Stored data:
——————

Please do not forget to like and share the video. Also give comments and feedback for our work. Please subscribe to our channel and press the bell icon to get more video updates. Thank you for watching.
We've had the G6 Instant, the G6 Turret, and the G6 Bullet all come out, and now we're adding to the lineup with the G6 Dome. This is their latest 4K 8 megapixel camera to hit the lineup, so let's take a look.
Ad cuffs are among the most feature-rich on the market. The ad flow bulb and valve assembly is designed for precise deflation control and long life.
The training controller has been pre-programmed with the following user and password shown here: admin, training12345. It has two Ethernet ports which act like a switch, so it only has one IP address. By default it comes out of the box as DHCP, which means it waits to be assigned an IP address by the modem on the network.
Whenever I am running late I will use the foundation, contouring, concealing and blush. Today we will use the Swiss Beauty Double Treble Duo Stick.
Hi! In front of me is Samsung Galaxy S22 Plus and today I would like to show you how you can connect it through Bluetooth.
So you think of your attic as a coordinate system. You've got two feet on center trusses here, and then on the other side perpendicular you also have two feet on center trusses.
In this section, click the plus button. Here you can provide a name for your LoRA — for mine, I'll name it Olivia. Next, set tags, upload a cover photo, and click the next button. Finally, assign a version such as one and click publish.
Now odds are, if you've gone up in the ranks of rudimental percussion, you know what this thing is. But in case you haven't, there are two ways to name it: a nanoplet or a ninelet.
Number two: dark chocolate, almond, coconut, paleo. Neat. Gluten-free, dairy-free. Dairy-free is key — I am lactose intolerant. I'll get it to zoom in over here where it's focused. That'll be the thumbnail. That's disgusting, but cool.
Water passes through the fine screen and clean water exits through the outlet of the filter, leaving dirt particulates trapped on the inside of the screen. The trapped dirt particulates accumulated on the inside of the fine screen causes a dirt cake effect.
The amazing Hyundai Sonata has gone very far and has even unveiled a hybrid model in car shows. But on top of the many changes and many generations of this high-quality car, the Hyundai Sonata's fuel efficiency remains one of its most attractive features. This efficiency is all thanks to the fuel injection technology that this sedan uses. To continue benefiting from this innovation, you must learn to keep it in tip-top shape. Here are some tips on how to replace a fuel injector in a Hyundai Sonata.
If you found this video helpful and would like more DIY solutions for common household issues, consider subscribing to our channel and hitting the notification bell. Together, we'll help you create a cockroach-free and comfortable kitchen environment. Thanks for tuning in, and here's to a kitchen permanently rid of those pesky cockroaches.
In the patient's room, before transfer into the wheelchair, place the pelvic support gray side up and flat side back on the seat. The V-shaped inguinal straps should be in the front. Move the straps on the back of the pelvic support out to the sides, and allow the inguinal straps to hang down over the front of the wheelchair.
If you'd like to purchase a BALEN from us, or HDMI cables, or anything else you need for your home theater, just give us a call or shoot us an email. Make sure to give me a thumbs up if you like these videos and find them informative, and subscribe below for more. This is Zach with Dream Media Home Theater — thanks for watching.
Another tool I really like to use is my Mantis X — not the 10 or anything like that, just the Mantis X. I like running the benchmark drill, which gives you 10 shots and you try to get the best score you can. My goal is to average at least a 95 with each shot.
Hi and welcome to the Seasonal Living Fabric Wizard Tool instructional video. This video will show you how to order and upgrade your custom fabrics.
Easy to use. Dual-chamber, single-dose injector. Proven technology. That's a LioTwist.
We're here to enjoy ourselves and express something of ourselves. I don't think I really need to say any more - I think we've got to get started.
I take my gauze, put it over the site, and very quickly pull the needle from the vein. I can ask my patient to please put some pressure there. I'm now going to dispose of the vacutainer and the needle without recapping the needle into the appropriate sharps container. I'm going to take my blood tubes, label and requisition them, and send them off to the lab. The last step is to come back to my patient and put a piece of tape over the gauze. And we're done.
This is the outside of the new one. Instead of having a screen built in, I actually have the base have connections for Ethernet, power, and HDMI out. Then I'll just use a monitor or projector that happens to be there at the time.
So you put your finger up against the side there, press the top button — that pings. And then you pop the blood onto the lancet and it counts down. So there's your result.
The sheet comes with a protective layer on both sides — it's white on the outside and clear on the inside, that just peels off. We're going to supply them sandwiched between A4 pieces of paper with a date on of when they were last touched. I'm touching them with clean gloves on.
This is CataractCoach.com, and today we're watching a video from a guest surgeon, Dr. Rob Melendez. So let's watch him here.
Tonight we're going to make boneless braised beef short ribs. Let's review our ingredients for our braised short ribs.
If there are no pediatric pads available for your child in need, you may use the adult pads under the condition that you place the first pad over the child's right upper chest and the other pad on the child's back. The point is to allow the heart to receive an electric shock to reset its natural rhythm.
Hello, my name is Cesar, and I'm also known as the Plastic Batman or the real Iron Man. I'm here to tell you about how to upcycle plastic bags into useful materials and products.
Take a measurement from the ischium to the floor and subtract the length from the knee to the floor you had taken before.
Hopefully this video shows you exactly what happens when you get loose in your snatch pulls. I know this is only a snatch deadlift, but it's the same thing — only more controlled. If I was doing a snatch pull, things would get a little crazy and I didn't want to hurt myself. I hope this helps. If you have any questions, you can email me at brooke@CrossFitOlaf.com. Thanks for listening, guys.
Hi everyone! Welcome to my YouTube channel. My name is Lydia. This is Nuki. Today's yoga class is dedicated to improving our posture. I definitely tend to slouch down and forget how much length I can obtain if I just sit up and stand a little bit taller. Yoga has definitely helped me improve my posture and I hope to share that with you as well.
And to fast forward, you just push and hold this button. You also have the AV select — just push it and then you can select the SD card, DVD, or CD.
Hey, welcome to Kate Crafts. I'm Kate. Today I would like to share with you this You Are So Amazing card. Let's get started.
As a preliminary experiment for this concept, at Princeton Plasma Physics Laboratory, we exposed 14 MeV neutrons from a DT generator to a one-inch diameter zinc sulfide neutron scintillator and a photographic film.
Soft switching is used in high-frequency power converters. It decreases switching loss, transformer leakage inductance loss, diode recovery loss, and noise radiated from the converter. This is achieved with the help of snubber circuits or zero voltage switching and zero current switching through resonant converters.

——————

* Work item
Quote every line of the records above, from the first down to the one holding "Number two: dark", exactly as written.

* Task output
Please do not forget to like and share the video. Also give comments and feedback for our work. Please subscribe to our channel and press the bell icon to get more video updates. Thank you for watching.
We've had the G6 Instant, the G6 Turret, and the G6 Bullet all come out, and now we're adding to the lineup with the G6 Dome. This is their latest 4K 8 megapixel camera to hit the lineup, so let's take a look.
Ad cuffs are among the most feature-rich on the market. The ad flow bulb and valve assembly is designed for precise deflation control and long life.
The training controller has been pre-programmed with the following user and password shown here: admin, training12345. It has two Ethernet ports which act like a switch, so it only has one IP address. By default it comes out of the box as DHCP, which means it waits to be assigned an IP address by the modem on the network.
Whenever I am running late I will use the foundation, contouring, concealing and blush. Today we will use the Swiss Beauty Double Treble Duo Stick.
Hi! In front of me is Samsung Galaxy S22 Plus and today I would like to show you how you can connect it through Bluetooth.
So you think of your attic as a coordinate system. You've got two feet on center trusses here, and then on the other side perpendicular you also have two feet on center trusses.
In this section, click the plus button. Here you can provide a name for your LoRA — for mine, I'll name it Olivia. Next, set tags, upload a cover photo, and click the next button. Finally, assign a version such as one and click publish.
Now odds are, if you've gone up in the ranks of rudimental percussion, you know what this thing is. But in case you haven't, there are two ways to name it: a nanoplet or a ninelet.
Number two: dark chocolate, almond, coconut, paleo. Neat. Gluten-free, dairy-free. Dairy-free is key — I am lactose intolerant. I'll get it to zoom in over here where it's focused. That'll be the thumbnail. That's disgusting, but cool.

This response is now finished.